Since its invention in 1954, meteorological radar has allowed researchers to track unusual phenomena more closely. Early radar made it difficult to discern between fire whirls and tornadoes, said Gollner, and even now, the meteorologists in Reno haven’t gotten confirmation yet that what they spotted on the radar last week was as powerful as it looked. Once the fire dies down, investigators will go in and survey the damage where the funnel touched down, and look for signs like overturned cars for clues to the actual velocity. That step will come soon, Hohmann said, because the fire is now 90 percent contained after blazing around 47,000 acres.

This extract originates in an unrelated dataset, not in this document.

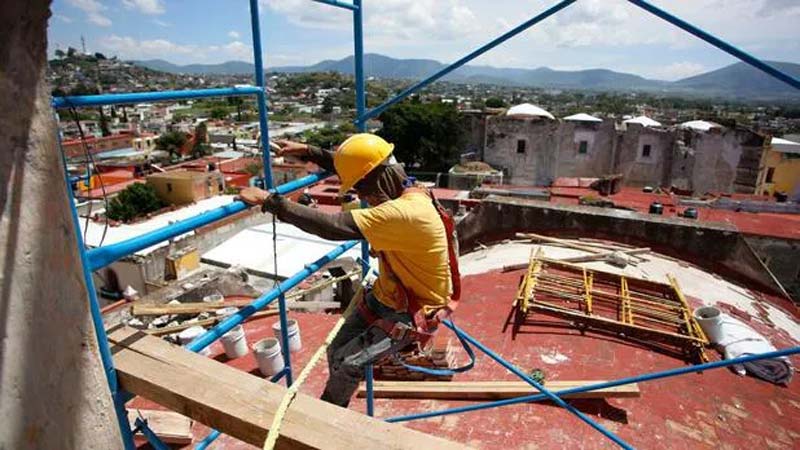 Solicitan al INAH compruebe gastos de restauración de inmuebles históricos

Both Gollner and Coen are hoping to learn from this experience, whatever the name it goes by. It’s challenging to issue warnings for twisters this large because scientists still don’t understand what propels them to this size and what role factors like crosswinds and landscape play. The more research, the greater the likelihood that meteorologists will be able to predict them the way that they can with tornadoes, and not just spot them once they’ve already formed. It’ll also be crucial to develop future disaster response, Hohmann said. This unique situation makes evacuation even more complicated than usual—how can people stay in their basements during a wildfire?

Because of new computational models and data from recent disasters like the Carr Fire, researchers are learning more about where and how to look for tornado-like structures on radar. Hohmann had the Carr Fire on his mind when he made the call, he said. The data and video collected of the Loyalton Fire can help scientists further examine this meteorological mystery. “There was a good sample of data from the radar,” said Boyd. “This case will probably be looked at quite closely."